Ve Dmitry kazandığında - Sergius, habercinin iyi haberle gelmesinden iki gün önce hissetti. Çünkü "dua edilen" insanlar doğrudan bilgiye veya öngörüye sahiptir - olayları nasıl öngöreceklerini bilirler.
Bu nedenle isteklerinizi yaparken önce ülkeniz, şehriniz ya da köyünüz, ardından aileniz ve kendiniz için dua etmeyi unutmayın.
Namaz için önemli olan
Duada önemli olan duruş değildir - önemli olan ruh hali, ruh hali ve Mesih'in kendisinin söylediği en önemli şey samimiyettir. Bütün bunlar yüksek dünyaya yapılan çağrıda mevcutsa, dua duyulacaktır.
Elbette inanç çok önemlidir. İnançsız dua olmaz - kimseye inanmıyorsan kime dua edebilirsin? Ve inancın ortaya çıkması için, ruhunuzu Dünya'ya yönlendiren o Yüksek ruhtan istemeniz gerekir.
Ve insan ruhunu üst dünyaya bağlayan kanalı öğütmek.

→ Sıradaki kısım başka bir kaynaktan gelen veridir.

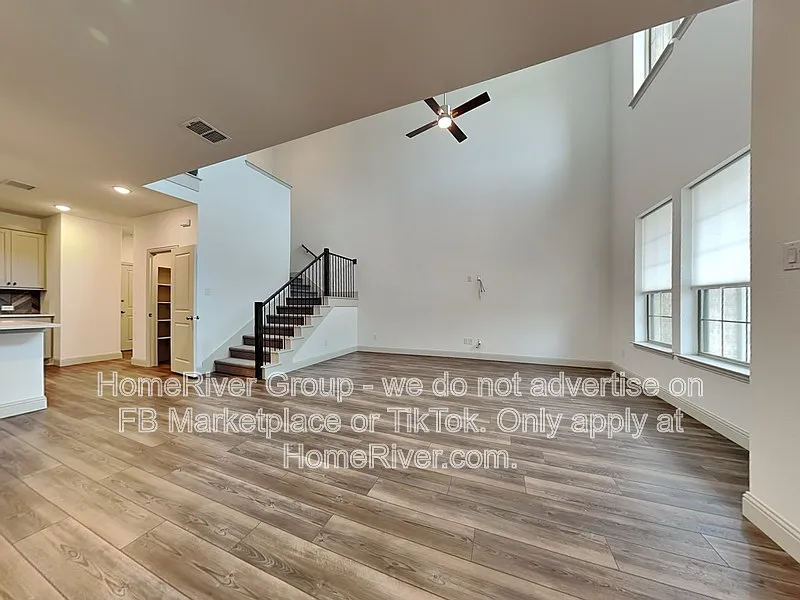 2 bed, 2.5 bath, 1841 sqft, $2,845 — Photo 3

Ayrıca dua etmeyi de öğrenmeniz gerekir: önce bir kişi duaları ezberler ve mekanik olarak tekrarlar, sonra anlamlarını anlamaya başlar ve zaten bilinçli olarak Yüksek Güçlere döner. Ve sonra kendi sözleriyle, yürekten dua etmeye başlar.
Ne de olsa, duaların metinleri insanlar tarafından yazıldı ve isteklerini onlara koydular ve biz de kendi sözlerimizle dua etmek için kendimizinkini koyabiliriz. Dürtü önemlidir, bu dürtünün gömülü olduğu işaretler değil.
Başka bir tarihsel örneği hatırlayalım: Alexander Nevsky'nin Peipsi Gölü'ndeki savaşı. Savaştan önceki gece, İskender dua etmek için kiliseye geldi, ancak dua işe yaramadı - hiçbir kelime gelmedi. Sonra Tanrı'ya döndü: "Baba!" Ve kendi sözleriyle, düşmanın sahip olduğundan çok daha fazla güce sahip olduğunu ve ya zafer ya da yakın ölüm istediğini söyledi - bu hiç de ayıp değil.
Ve sabah İskender'in askerleri düşmanı tamamen yendi. Aynı zamanda, insanların açıklayamadığı mucizeler meydana geldi. Rus savaşçılarına İskender'in duasıyla yukarıdan yardım geldi ve az sayıda düşmanı yendiler. İnanç ve samimiyet böyle yardımcı olur.
Farklı dinlerde birçok farklı kural ve ritüel vardır, ancak bunlara yalnızca bir tapınağa, camiye veya sinagoga gelindiğinde uyulmalıdır. Ve evde veya doğada istediğiniz gibi dua edin - keşke samimi olsaydı. Üstatlar her zaman böyle bir çağrıyı duyacaklar ve kesinlikle kurtarmaya gelecekler.
Mesih'in sözlerini modern bir şekilde yeniden yazmak gibi - Oğlunun ekmek talebi üzerine Baba'nın taş değil ekmek vereceğini söyledi.